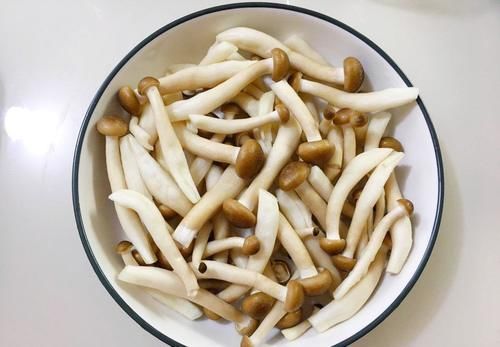蒸菜|天热,最爱吃这蒸菜,蒸一蒸10分钟就出锅,营养美味又健康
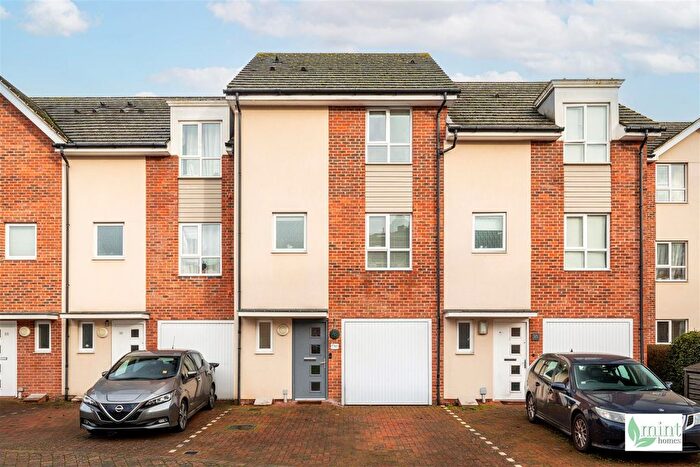 4 Bedroom Property For Sale In Harrow Close, Addlestone, KT15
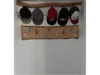 Garderobe mit buntem Haken und Mützen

**ACTION ITEM:** Leaving the pictures out, write out all the material above exactly.

**EXERCISE RESPONSE:**
蒸菜|天热,最爱吃这蒸菜,蒸一蒸10分钟就出锅,营养美味又健康
 4 Bedroom Property For Sale In Harrow Close, Addlestone, KT15
 Garderobe mit buntem Haken und Mützen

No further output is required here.